Progressivist alliances with Islamists, however, lead to internal divisions. In 2021, the Islamic Leadership Council of New York withdrew its endorsement of Eric Adams because the then-mayoral candidate purportedly "failed to take a principled stance" against Israel's "violence against Palestinians."
Such anger places Islamists such as Bahi in a difficult position. Recently, his interfaith work generated a small $600 donation from a Jewish organization, which led to angry accusations from New York Muslims that he is "taking money from Zionists" – "may Allah destroy them."
Meanwhile, Mayor Adams' latest trip to Israel led prominent Islamist activist Nerdeen Kiswani to tell Bahi that Adams "did not deserve to be welcomed by Muslims with open arms" after "meeting with Zionist leaders." Adams, Kiswani continued, is "scum and should be treated as such."
To re-unite New York's Islamists, and recover lost legitimacy, figures such as Bahi seem impelled to implement Islamization-minded policies at City Hall, such as the amplified adhan, while also affording Muslim organizations access to the highest levels of New York City government.

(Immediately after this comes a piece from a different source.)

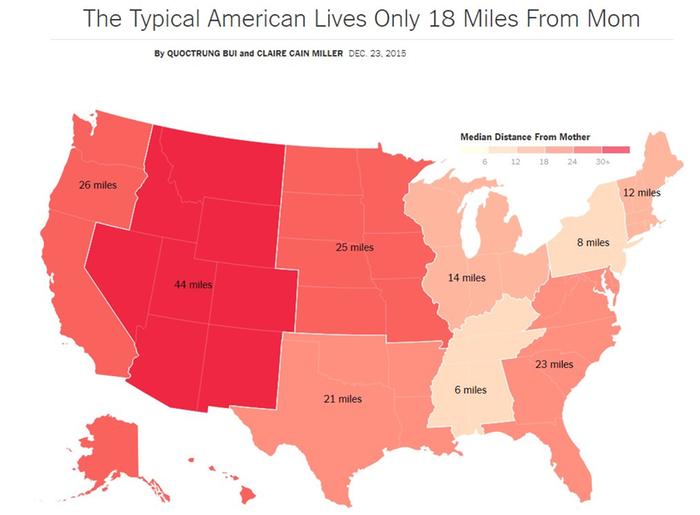 The average American lives pretty close to their mother!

Among Muslim circles, to offset the dissent in Islamist circles over some of the progressivist politics of the Mayor, Bahi has also sought to emphasize his own non-progressive credentials, attacking Muslim "non-binary" activists as "un-Islamic" while also warning about "toxic femininity."

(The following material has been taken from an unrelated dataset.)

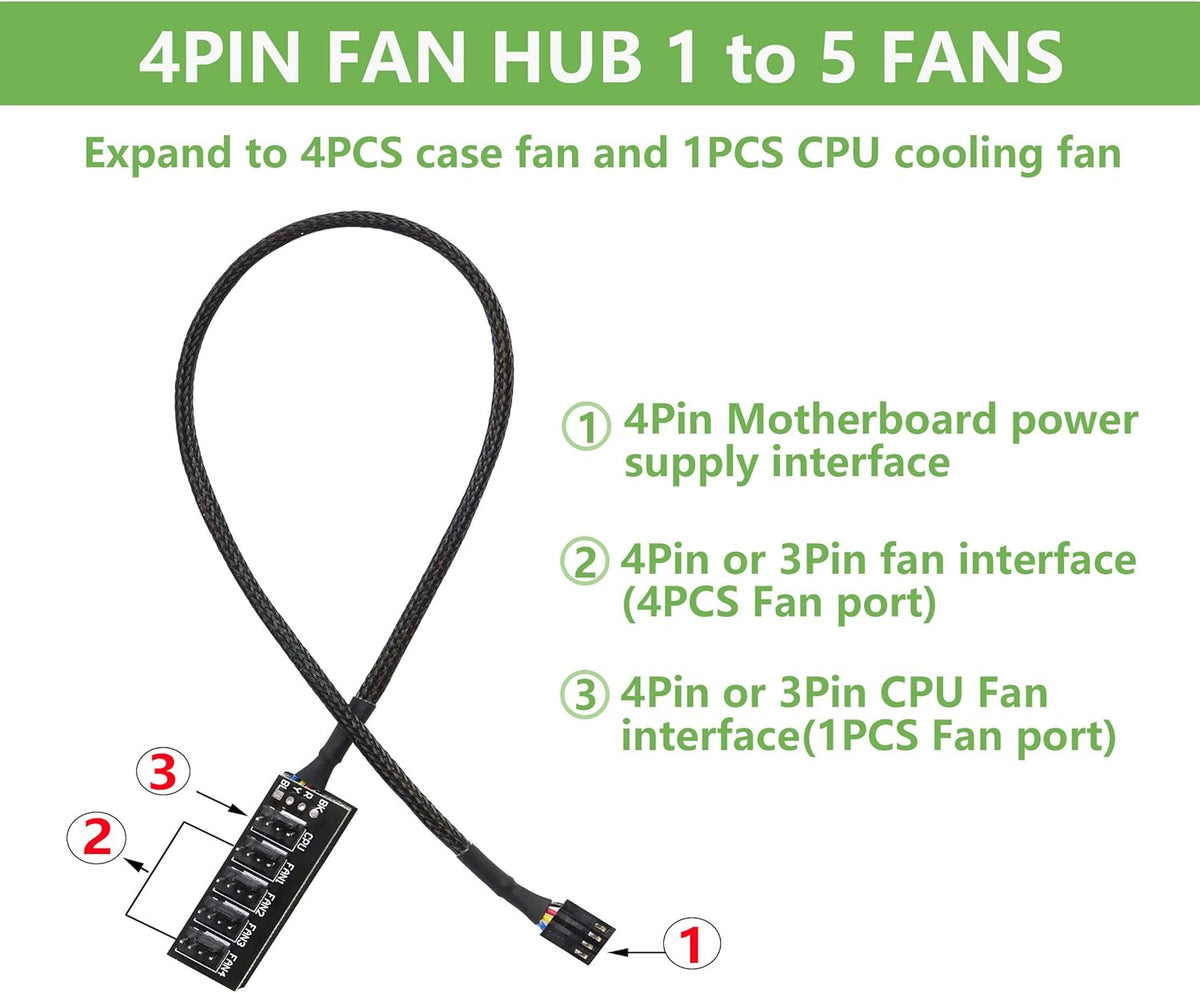 4 Pin PWM Fan Hub Splitter Power Supply Cable 1 to 5 Way PC CPU Cooling Case Fan Power Extension Cable for ATX Computer Case 4-Pin & 3-Pin Cooling Fans 14.8inch 2-Pack J98760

Mayor Adams has a long history of embracing the wrong partners. As a police officer, he worked a little too closely with the Nation of Islam, a black supremacist movement. Such mistakes are even more dangerous today, now that he is the elected head of the world's richest city.
And yet, with this latest policy change, Mayor Eric Adams has once again chosen the wrong partners. Eventually, the tensions already encountered by Bahi will become unmanageable, Islamist agendas and progressivist ideas will clash, and such alliances will collapse, as the media is beginning to notice.
But until that happens, in amplifying the adhan, Mayor Adams is also amplifying the influence and legitimacy of New York City's Islamists, all to the detriment of ordinary New York Muslims.
Sam Westrop is director of the Middle East Forum's Islamist Watch project.